Work task
Write the listing out again exactly as it stands, with no images.

Data segment
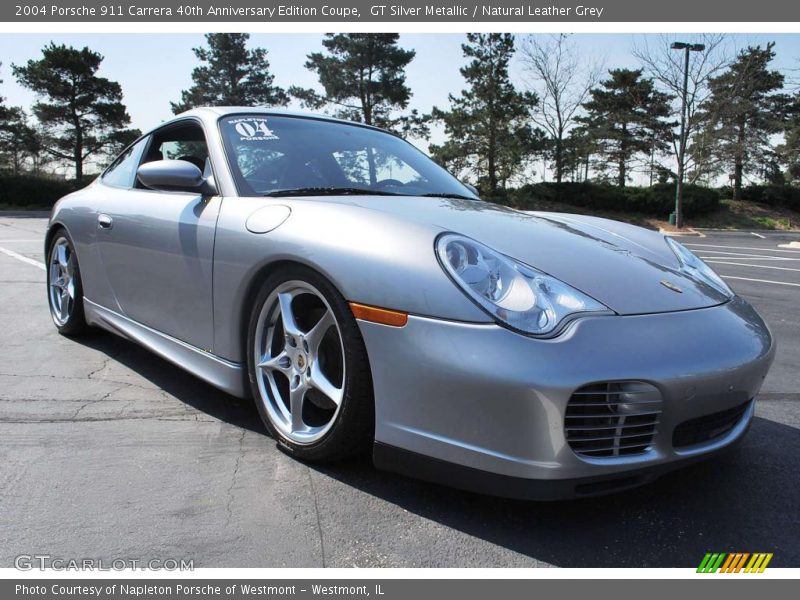 GT Silver Metallic / Natural Leather Grey 2004 Porsche 911 Carrera 40th Anniversary Edition Coupe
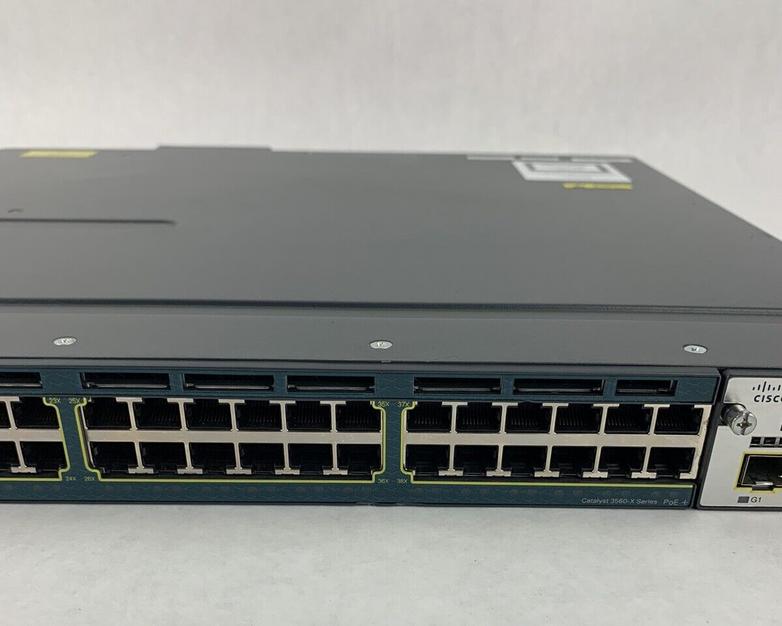 Cisco Catalyst 3560X CATALYST WS-C3560X-48PF-S Network Switch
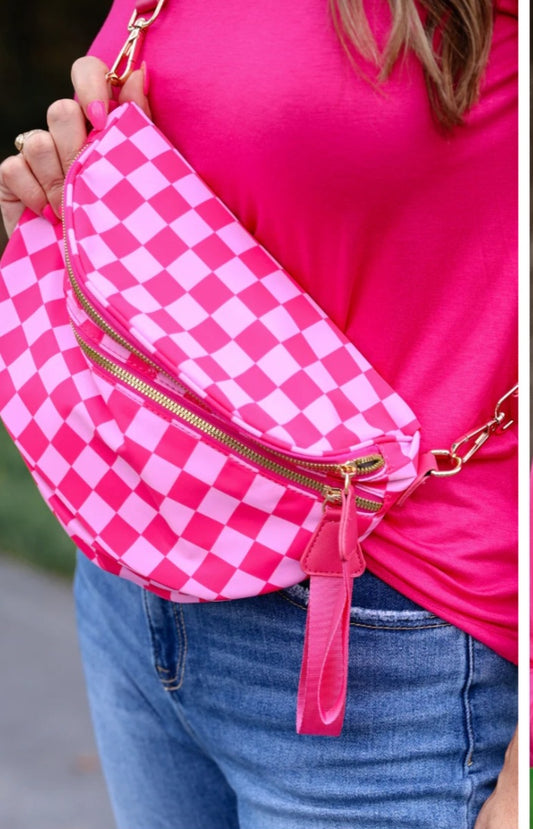 Running errands bum bag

Output below
 GT Silver Metallic / Natural Leather Grey 2004 Porsche 911 Carrera 40th Anniversary Edition Coupe
 Cisco Catalyst 3560X CATALYST WS-C3560X-48PF-S Network Switch
 Running errands bum bag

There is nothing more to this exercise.